The film is filled with so many dramatic heights that it becomes a surreal embarrassment of riches to decide where the turning point actually happens. Should it be when Titus voluntarily allows his hand to be cut off in a ruse that was to bring back two of his sons? Or when Tamora sends instructions to her servant/lover Aaron, the “Moor,” to kill the dark-skinned baby – his son – whom she has given birth to? And then there is, of course, the banquet with Titus as chef, when Tamora learns that she is eating a delicious savory pie made with the flesh and blood of her sons.

Of all the scenes of seemingly endless horrifying realizations, where blood and violence vie with sadness and despair as central themes, the film’s most dramatic point comes when Titus kills his daughter, Lavinia. Some reviews from critics like Roger Ebert have found this moment too incredible to be taken seriously. Tamora had helped orchestrate the rape of Lavinia by her two surviving sons, and much of the movie is spent with Lavinia literally trying to find the words to give details about the crime – since they had cut her tongue out and sliced off her hands, she has few means to communicate either the story or her pain. But critics who cannot understand Shakespeare’s and Taymor’s decision to force a father to murder his violated daughter are not paying attention to the message. It is the new emperor of Rome, after all, whom Titus quizzes as to what would be the appropriate course of action should a man find out that his daughter had been sexually abused, and it is the new emperor who gives Titus the answer: the father would be so devastated by his daughter’s own pain and his inability to render things right that he would have to kill her to put her – not himself – out of misery.

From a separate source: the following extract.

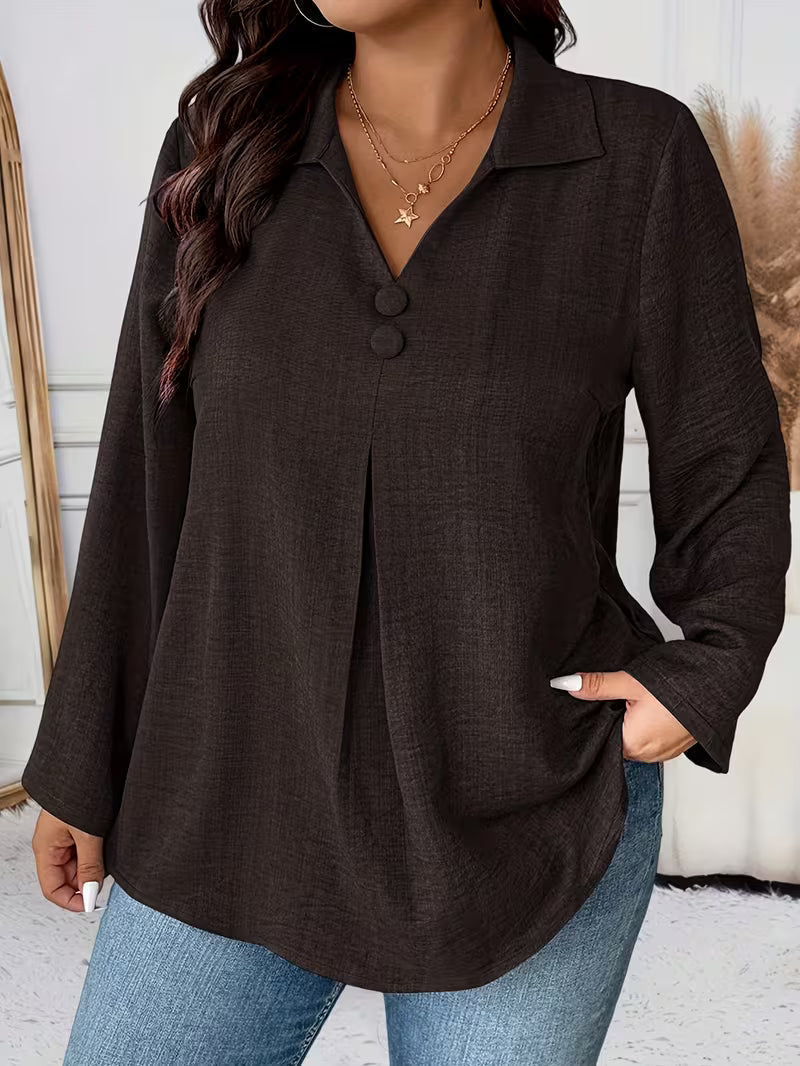 Image of Deborah | Women's Long Sleeve Button Front Blouse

Unfair, unjust, a misallocation of fault and victimization? Yes, then (historically, twice over) as now. And yet, it is this scene, in which Lavinia willingly places herself in her father’s arms to be killed, that defines not only the movie, but Taymor’s message to Titus from the gods, and to the audience: There is no justice, good does not always prevail, evil does not always need a reason to be, and some fates cannot be gotten over. In this manner, Taymor’s millennium ends with a desperate gasp of what has not been accomplished, and what would seem to have little hope of resolution in the next centuries, either. To complain that the father should not have killed his daughter is to complain that Titus lives in a world governed by a system of illogical deistic and state justice that he accepts, is complicit in, and sees no way to escape. It is, in other words, to lament that Titus, his family, his friends, his enemies, and his fellow Romans followed the code of ethical behavior that they knew – one that did not allow for mercy, one that placed the perceived needs of the greater good over the desires of the individual, one that Titus could escape from only by turning to it, and forcing it to its most extreme conclusion. Titus had lost so many sons in war, then killed another who, in Titus’ belief system, had brought dishonor upon the family by disobeying the wishes of the emperor. Titus, ruined physically and psychologically, ready to reject the system that had betrayed him and his family, escaped the cycle of brutality by forcing the emperor to “innocently” pronounce Lavinia’s death sentence, in turn setting into motion a blood bath that would end the reign of terror that Titus had once defended.

If the final scene, in which Titus’ grandson carries out Aaron’s and Tamora’s son towards the dawn of a new day, appears hopeful, it is only so in contrast to the fates of everyone they leave behind. Taymor’s view of the next millennium found an ideal vehicle in the tragedy of Titus and the loss of his family’s role in a New Ancient World Order. To suggest that Shakespeare’s original play or Taymor’s adaptation for film is too over-the-top to be credible is to remove the film from its place in the history of media documentations of prevailing world views from the many historical turning-points that come together in Titus. Taymor’s view of the end of the millennium rested on the echoes of the twilight of Ancient Rome and Shakespeare’s commentary on the end of a century .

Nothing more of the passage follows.